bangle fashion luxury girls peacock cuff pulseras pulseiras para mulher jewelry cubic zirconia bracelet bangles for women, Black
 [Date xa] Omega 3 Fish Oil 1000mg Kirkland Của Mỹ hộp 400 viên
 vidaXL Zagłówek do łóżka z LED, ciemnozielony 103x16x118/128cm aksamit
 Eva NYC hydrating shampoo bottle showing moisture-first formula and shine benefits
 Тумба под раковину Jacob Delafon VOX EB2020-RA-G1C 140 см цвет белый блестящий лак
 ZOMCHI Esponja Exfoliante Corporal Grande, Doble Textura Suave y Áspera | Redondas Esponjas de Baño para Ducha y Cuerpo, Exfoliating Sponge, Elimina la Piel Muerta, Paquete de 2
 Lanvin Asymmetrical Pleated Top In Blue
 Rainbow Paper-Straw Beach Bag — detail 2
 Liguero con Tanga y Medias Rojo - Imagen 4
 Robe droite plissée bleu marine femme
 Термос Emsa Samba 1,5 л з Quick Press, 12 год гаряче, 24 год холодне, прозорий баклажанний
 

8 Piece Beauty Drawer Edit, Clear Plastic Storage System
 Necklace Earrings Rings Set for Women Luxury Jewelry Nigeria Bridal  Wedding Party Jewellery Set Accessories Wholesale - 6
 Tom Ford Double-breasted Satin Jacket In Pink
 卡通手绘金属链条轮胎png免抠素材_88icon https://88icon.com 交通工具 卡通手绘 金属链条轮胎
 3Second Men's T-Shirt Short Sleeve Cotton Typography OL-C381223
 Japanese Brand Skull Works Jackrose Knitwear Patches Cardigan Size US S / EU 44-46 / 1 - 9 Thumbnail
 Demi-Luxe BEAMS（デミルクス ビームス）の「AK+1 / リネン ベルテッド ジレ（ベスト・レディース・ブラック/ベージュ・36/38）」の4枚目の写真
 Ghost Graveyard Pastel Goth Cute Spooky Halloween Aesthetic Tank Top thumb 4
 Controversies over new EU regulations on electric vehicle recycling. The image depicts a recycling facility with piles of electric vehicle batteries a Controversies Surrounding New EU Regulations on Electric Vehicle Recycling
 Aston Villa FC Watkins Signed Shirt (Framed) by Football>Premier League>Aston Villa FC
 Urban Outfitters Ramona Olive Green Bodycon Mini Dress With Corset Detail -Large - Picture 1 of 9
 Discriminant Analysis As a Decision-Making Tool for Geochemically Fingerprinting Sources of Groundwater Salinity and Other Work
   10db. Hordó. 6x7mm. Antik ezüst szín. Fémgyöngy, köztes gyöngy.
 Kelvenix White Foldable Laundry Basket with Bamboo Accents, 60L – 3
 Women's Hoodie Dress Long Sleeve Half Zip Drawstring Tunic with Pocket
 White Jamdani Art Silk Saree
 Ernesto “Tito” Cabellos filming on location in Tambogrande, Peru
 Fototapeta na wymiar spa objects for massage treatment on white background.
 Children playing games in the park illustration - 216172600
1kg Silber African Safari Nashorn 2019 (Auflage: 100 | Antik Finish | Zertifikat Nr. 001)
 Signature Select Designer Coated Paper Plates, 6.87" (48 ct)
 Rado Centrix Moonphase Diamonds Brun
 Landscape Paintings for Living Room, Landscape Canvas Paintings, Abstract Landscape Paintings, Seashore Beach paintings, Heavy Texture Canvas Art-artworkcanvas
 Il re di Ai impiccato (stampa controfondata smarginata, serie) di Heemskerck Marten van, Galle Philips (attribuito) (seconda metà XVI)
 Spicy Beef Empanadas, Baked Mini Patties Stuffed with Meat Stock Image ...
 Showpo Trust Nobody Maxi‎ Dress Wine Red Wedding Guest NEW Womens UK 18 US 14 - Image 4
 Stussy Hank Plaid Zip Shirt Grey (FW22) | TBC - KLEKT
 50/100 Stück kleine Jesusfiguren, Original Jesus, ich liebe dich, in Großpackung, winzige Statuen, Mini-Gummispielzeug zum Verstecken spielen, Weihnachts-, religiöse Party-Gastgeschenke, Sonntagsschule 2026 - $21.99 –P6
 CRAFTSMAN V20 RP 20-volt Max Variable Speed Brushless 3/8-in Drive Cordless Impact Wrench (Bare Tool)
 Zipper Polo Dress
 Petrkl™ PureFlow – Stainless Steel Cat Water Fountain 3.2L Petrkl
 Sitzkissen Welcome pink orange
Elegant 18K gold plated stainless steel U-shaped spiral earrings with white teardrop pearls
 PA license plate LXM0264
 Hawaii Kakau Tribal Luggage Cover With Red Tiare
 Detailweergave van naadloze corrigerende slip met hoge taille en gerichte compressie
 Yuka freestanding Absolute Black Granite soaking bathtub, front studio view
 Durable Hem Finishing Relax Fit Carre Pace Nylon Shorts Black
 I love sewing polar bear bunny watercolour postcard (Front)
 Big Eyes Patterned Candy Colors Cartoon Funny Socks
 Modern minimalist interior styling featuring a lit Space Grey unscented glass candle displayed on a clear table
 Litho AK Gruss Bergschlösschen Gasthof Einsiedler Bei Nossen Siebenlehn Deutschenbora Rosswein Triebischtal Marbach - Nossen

» **WHAT IS NEEDED**
Give back exactly the lines above starting at the line where "Demi-Luxe BEAMS（デミルクス ビームス）の「AK+1" appears and ending at the line where "in Tambogrande, Peru" appears, both included, with no other lines.

» **EXERCISE OUTPUT**
 Demi-Luxe BEAMS（デミルクス ビームス）の「AK+1 / リネン ベルテッド ジレ（ベスト・レディース・ブラック/ベージュ・36/38）」の4枚目の写真
 Ghost Graveyard Pastel Goth Cute Spooky Halloween Aesthetic Tank Top thumb 4
 Controversies over new EU regulations on electric vehicle recycling. The image depicts a recycling facility with piles of electric vehicle batteries a Controversies Surrounding New EU Regulations on Electric Vehicle Recycling
 Aston Villa FC Watkins Signed Shirt (Framed) by Football>Premier League>Aston Villa FC
 Urban Outfitters Ramona Olive Green Bodycon Mini Dress With Corset Detail -Large - Picture 1 of 9
 Discriminant Analysis As a Decision-Making Tool for Geochemically Fingerprinting Sources of Groundwater Salinity and Other Work
   10db. Hordó. 6x7mm. Antik ezüst szín. Fémgyöngy, köztes gyöngy.
 Kelvenix White Foldable Laundry Basket with Bamboo Accents, 60L – 3
 Women's Hoodie Dress Long Sleeve Half Zip Drawstring Tunic with Pocket
 White Jamdani Art Silk Saree
 Ernesto “Tito” Cabellos filming on location in Tambogrande, Peru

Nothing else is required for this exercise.